* Problem
Your job is to transcribe all the records that follow, excluding any pictures.

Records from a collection
____

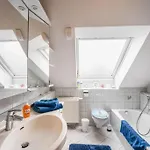 דירה Im Gruenen, 10 Km Rv, 30 Km Bodensee, Kueche Bad Balkon Wolpertswende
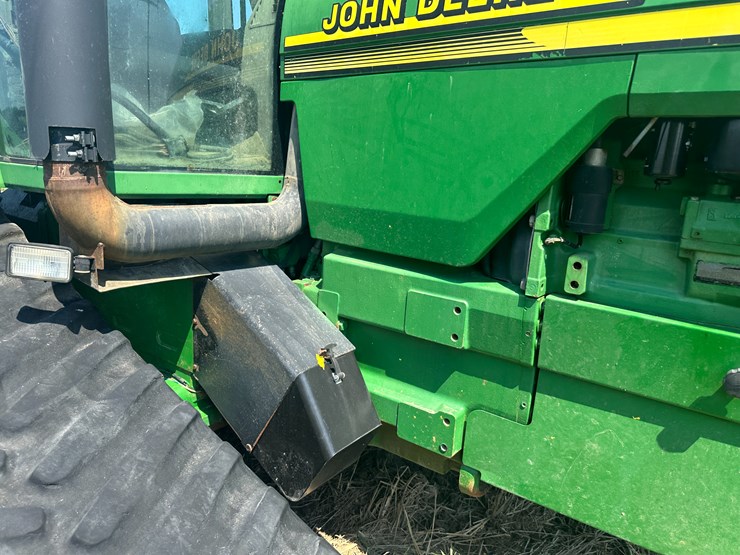 2000-john-deere-8410t-image-44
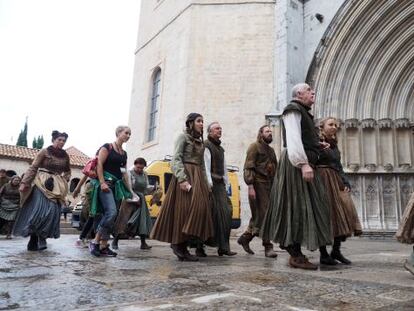 Alguns dels extres que participen en el rodatge de 'Joc de trons' a Girona.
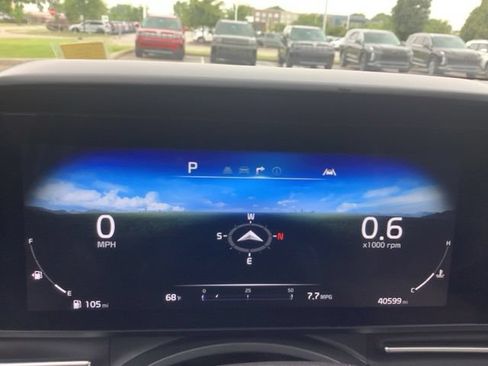 Used 2024 Kia Carnival SX Prestige FWD image 40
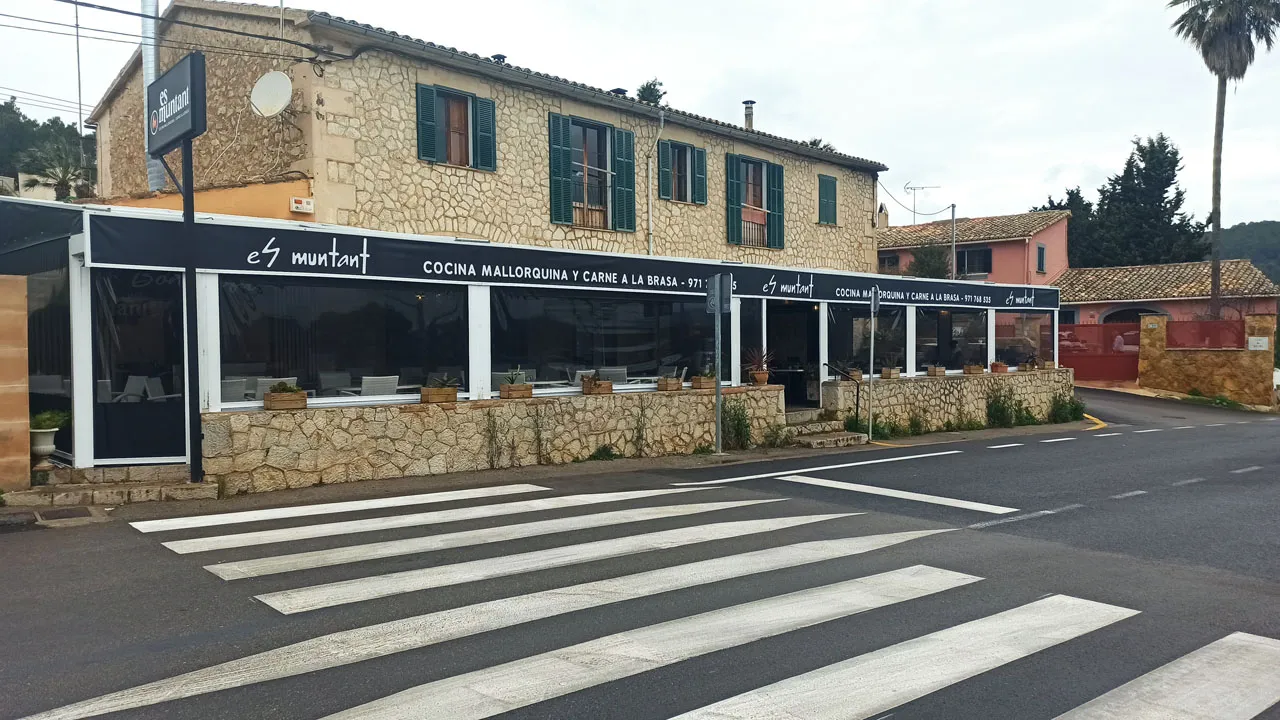 Restaurant Es Muntant from outside — Mallorcan family restaurant in Establiments, Palma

____

* Solution to the problem
 דירה Im Gruenen, 10 Km Rv, 30 Km Bodensee, Kueche Bad Balkon Wolpertswende
 2000-john-deere-8410t-image-44
 Alguns dels extres que participen en el rodatge de 'Joc de trons' a Girona.
 Used 2024 Kia Carnival SX Prestige FWD image 40
 Restaurant Es Muntant from outside — Mallorcan family restaurant in Establiments, Palma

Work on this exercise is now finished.